Du côté de l’action politique, il est fort intéressant de constater à quel point « La otra » a été capable de créer des liens de solidarité avec divers groupes sociaux dans cette région du pays. De cette façon, les zapatistes se sont liés de manière efficace aux mouvements locaux pour la défense des travailleurs de la « maquila », aux anciens membres du mouvement étudiant qui sont toujours en lutte et aux groupes qui luttent pour l’accès à l’espace public. De plus, les regroupements zapatistes ont créé une sorte de réseau qui, dispersé un peu partout dans le centre de l’État, reste en contact avec les adhérents de « La otra » du reste du pays et de l’étranger. Les technologies de communication ont sans doute été d’une importance majeure dans la création de ce réseau. Ce sont toutefois surtout les liens de solidarité noués avec les autres mouvements politiques de la région qui ont fait en sorte que la diffusion locale de la campagne zapatiste soit effective (voir Leyva 2001).

Conclusion

L’histoire politique et économique récente de la zone centrale de Puebla et l’appropriation actuelle du discours zapatiste par différents mouvements sociaux témoignent de la manière dont la diffusion à grande échelle des mouvements politiques est fortement conditionnée par l’état des conflits et des négociations politiques au niveau régional. Ces conflits et ces négociations comprennent divers discours politiques et différentes perspectives culturelles, lesquels donnent ensuite lieu à des régions hétérogènes, ouvertes aux influences externes et, par conséquent, articulées à diverses échelles géopolitiques, soit l’État nation et l’ordre mondial. Pourtant, même dans ces conditions particulières, l’histoire locale et les dynamiques politiques régionales demeurent décisives, car elles conditionnent la réceptivité des mouvements politiques venus d’ailleurs.

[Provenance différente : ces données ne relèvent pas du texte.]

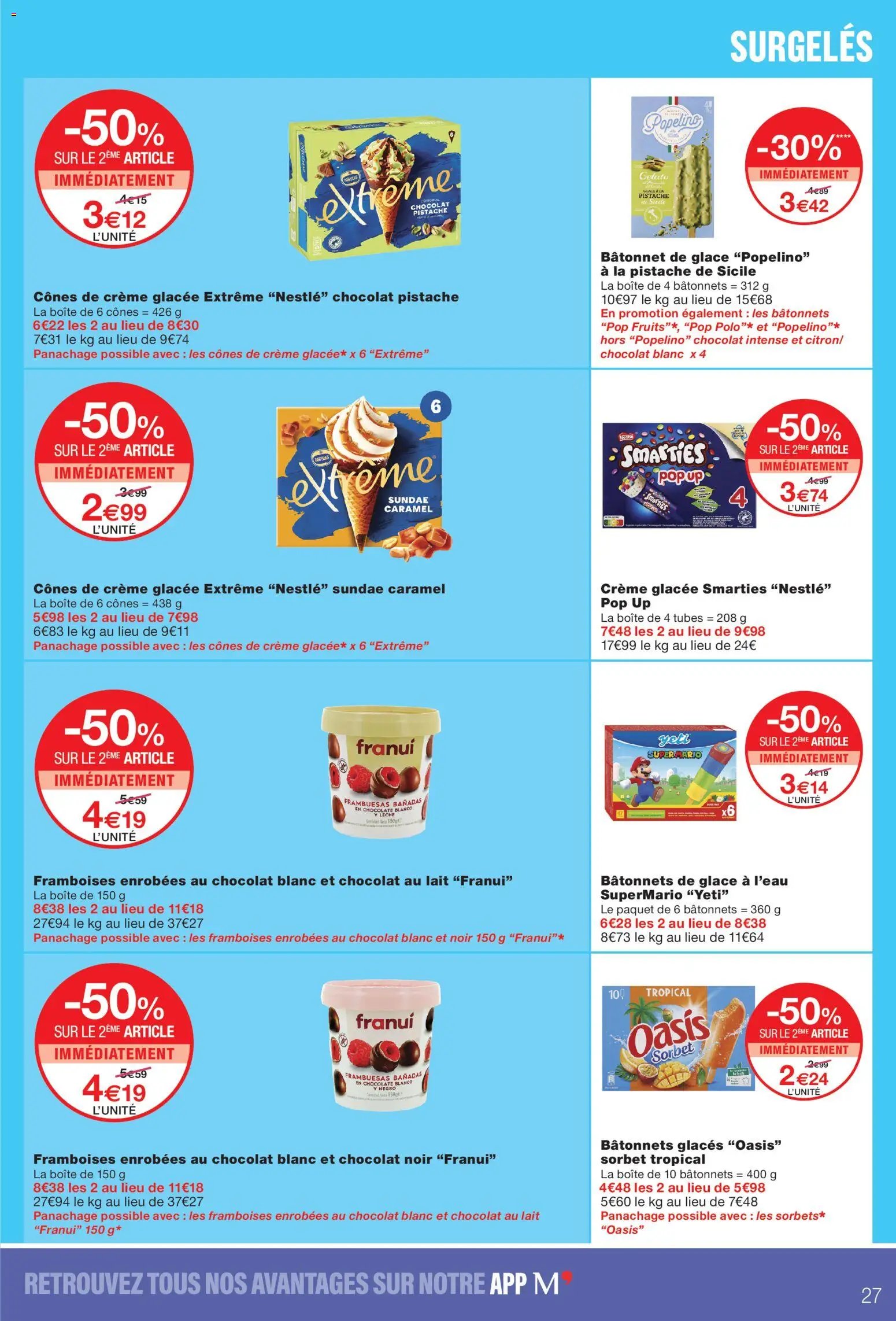 Monoprix catalogue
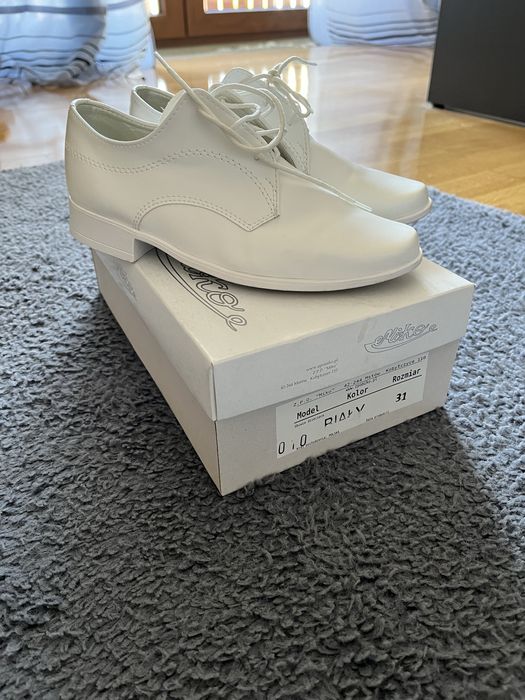 Buty komunijne chłopięce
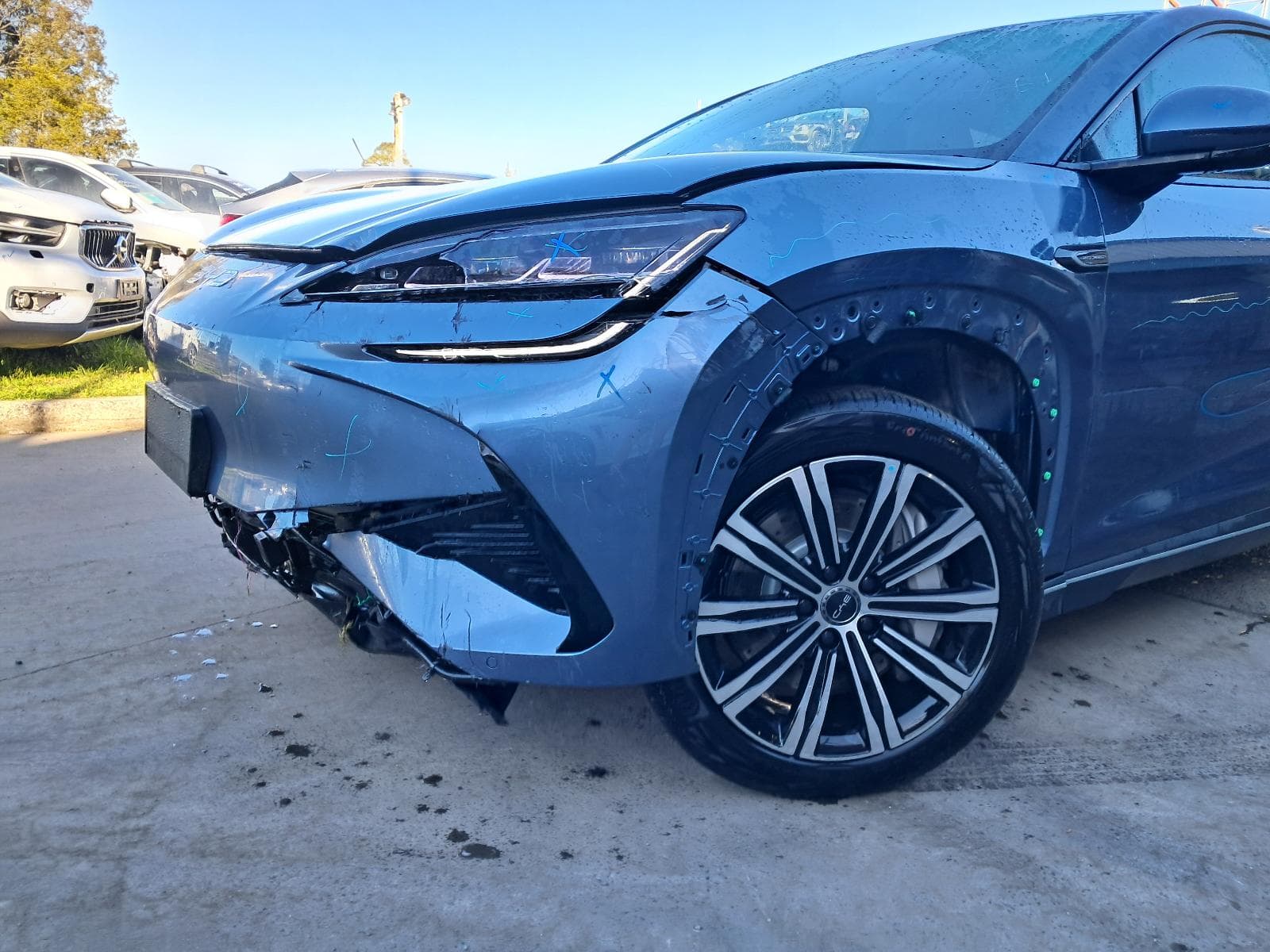 2025 BYD SEALION 7 8
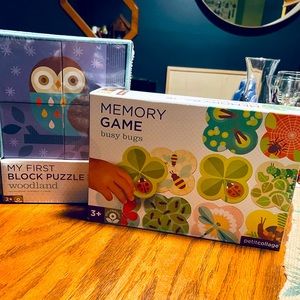 Set of Petitcollage Memory Game & Puzzle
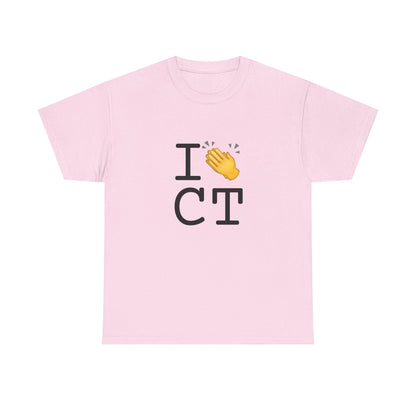"I Applaud Connecticut" Tee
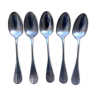 Silver metal tablespoons "Cheap"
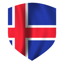 Flag IJsland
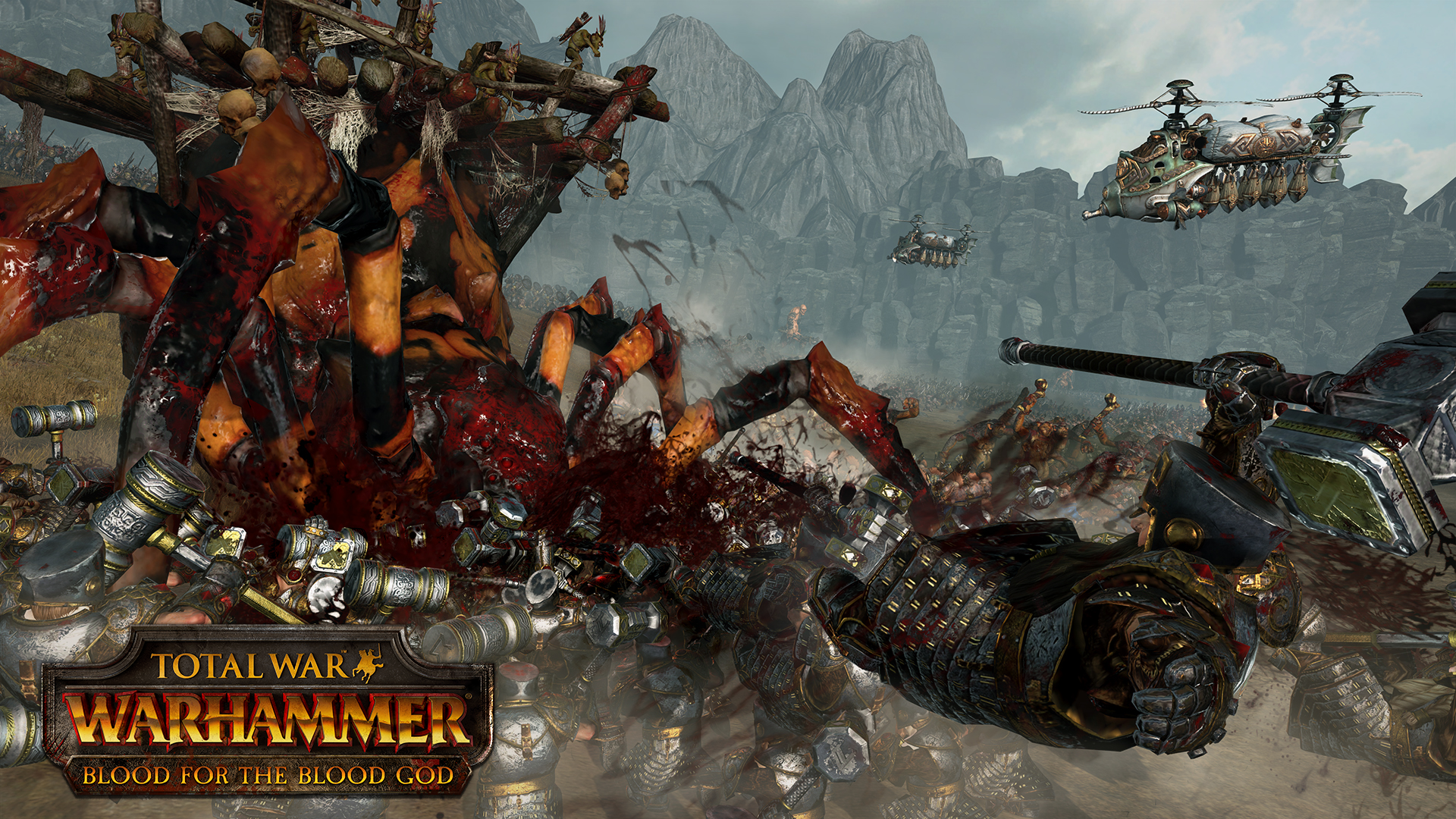 Total War: Warhammer – Blood For the Blood God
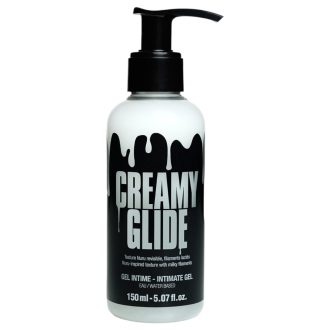   Creamy Glide - vízbázisú műsperma síkosító és masszázs gél (150 ml)
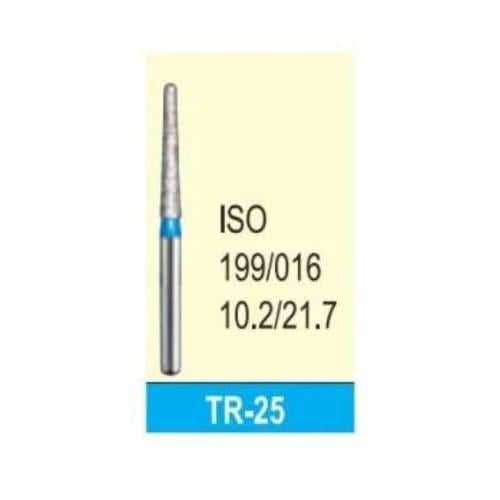 China- Diamond Bur TR-25 ( 199-016) Blue- pack of...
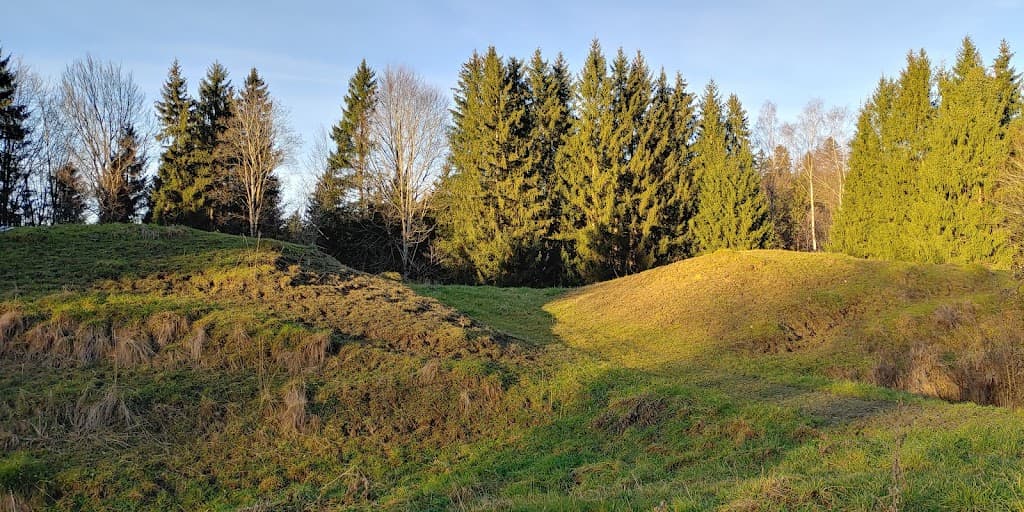 Burgruine auf dem Burgstall
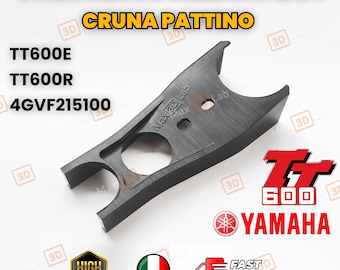 チェーンスライドストリップ 4GV 5CH DJ011 DJ012 ヤマハ TT600E TT600R 4GVF215100 チェーンガイド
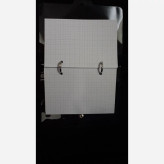 کلاسور A6 شفاف طرح لیسا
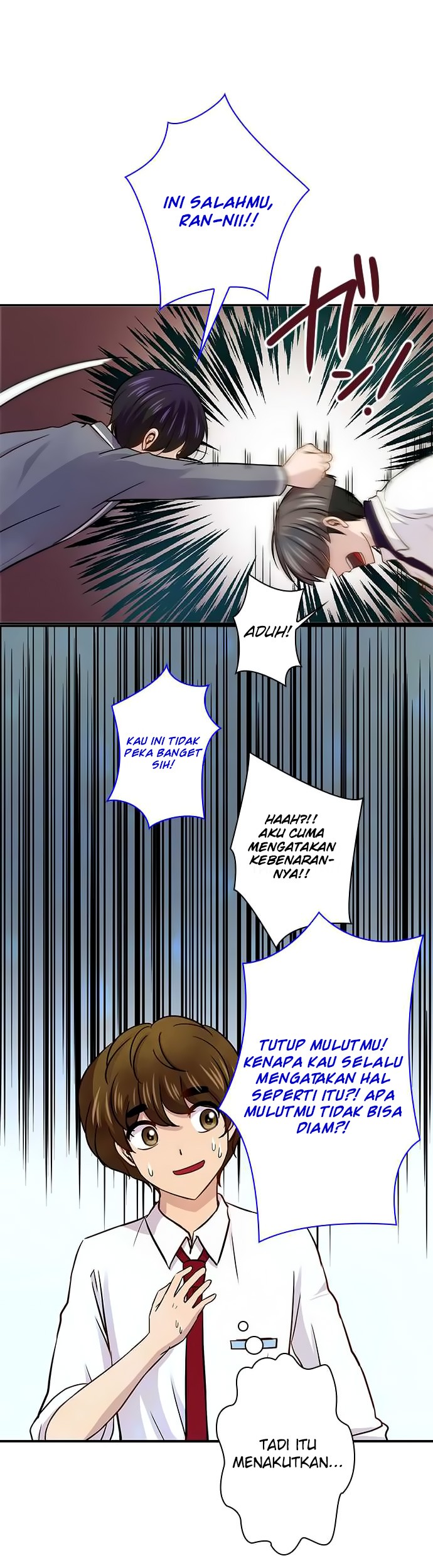I Want to Be Normal Chapter 30 Gambar 40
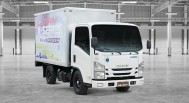 Isuzu N-Series NLR77 E Aluminium Van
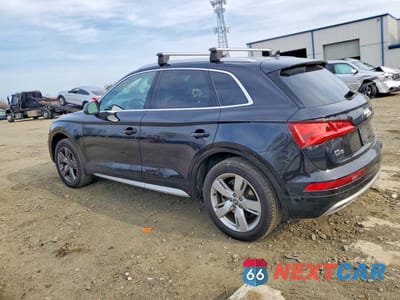 Drugie zdjęcie samochodu z przodu: 2019 AUDI Q5 PREMIUM PLUS VIN:WA1BNAFY5K2069183 - miniatura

En ce sens, le cas étudié nous a permis de mettre en valeur la façon dont les diverses circonstances locales s’articulent à la diffusion nationale (et mondiale) d’un discours politique alternatif. C’est l’accent mis par l’économie politique sur les processus socioéconomiques et hégémoniques qui peut nous permettre de mieux comprendre les caractéristiques de ce phénomène régional. L’objectif de cet article aura donc été de démontrer la pertinence analytique de cette approche.